Above is a map from civilrights.org of what states are affected by Section 5 of the Voting Rights Act, which is part of what was struck down by the Supreme Court yesterday. Section 5 basically states that any of those olive green states up there must get clearance from the federal government before they change their voting practices, to ensure that those changes don’t have the purpose or effect of discriminating against a minority.
Hey, look, that’s my home state of AK up there! WHOOPS.
So now that the SCOTUS has ruled on the VRA, it goes to Congress. Congress already voted once, in 2006, to renew the VRA for another 25 years. 2006, friends — when George W Bush was in the middle of his second term. 390 members of Congress voted to renew the VRA then, with 33 voting against renewal.

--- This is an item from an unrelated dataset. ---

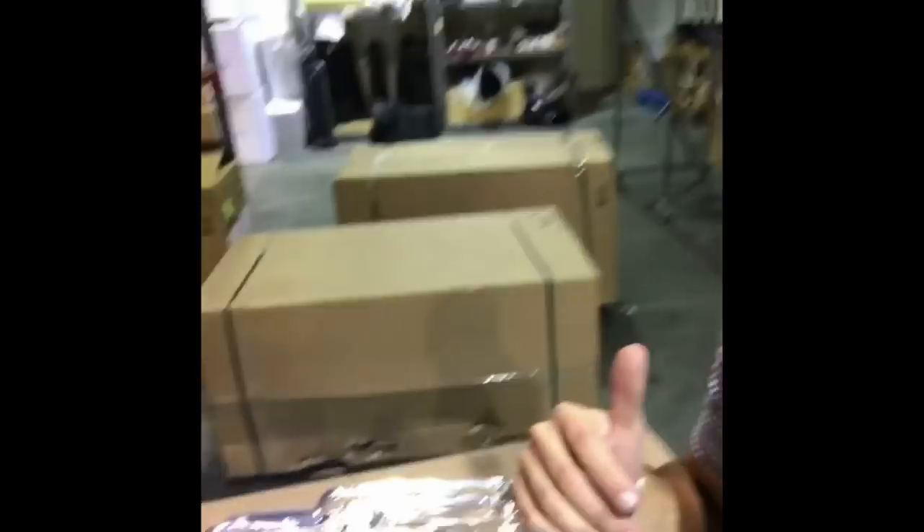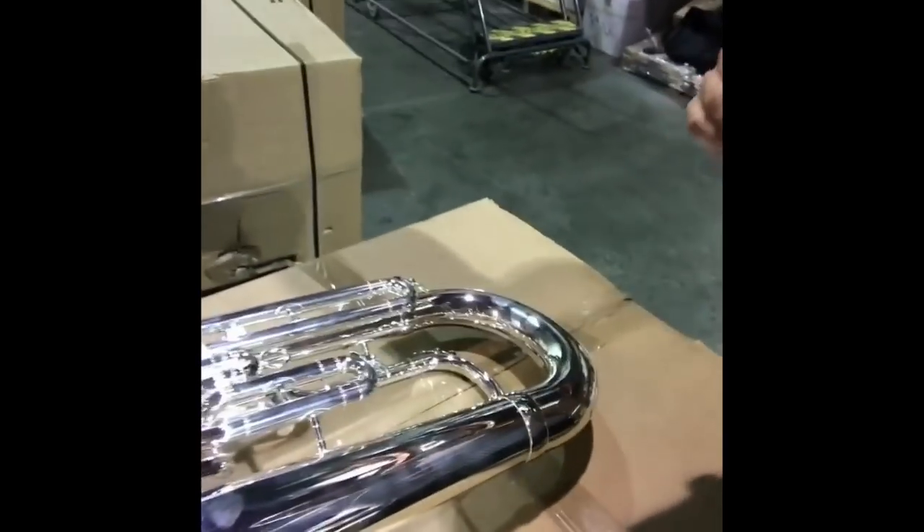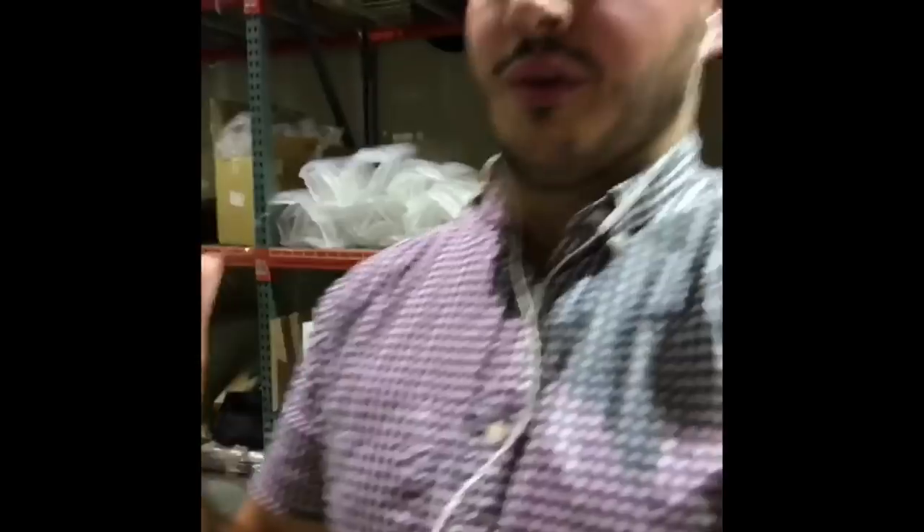Alright, let's get into it with the Besson New Standard 162 euphonium. Spending a little time here in the warehouse checking out all the different horns, and the first one I'm going to check out is the New Standard BE 162 — this is a three-valve student model.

Here’s where you come in. If you, like me, watched Wendy Davis’ filibuster last night and wanted to scream with the people in the gallery, this is the time to start screaming. Especially if you live in one of the affected states, contact your congresspeople. If you’re not in one of the affected states, contact your congresspeople anyway. Make it absolutely clear to Congress that this is important. Make it clear that everyone in Congress needs to pull together to keep the VRA effective.

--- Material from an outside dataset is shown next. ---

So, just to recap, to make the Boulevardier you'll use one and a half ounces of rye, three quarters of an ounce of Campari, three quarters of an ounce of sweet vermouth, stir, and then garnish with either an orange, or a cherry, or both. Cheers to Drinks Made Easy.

Get up there in the gallery and start screaming your lungs out.
VoteSmart has thorough information about your elected officials, including how to contact them and their voting records. If your congressperson was in office in 2006, you can even see how they voted on the VRA renewal then by clicking on “Voting Record,” then selecting “Civil Liberties and Civil Rights” from the handy drop-down “Issues” menu.
You don’t have to call your congresspeople — write them a letter. It doesn’t have to be a long letter — just write them a letter. If you can pick up the phone, do! If you can tweet at them or Facebook them, do! Be respectful, be clear, and be LOUD.
Make some noise.
[Reposted from elsewhere.]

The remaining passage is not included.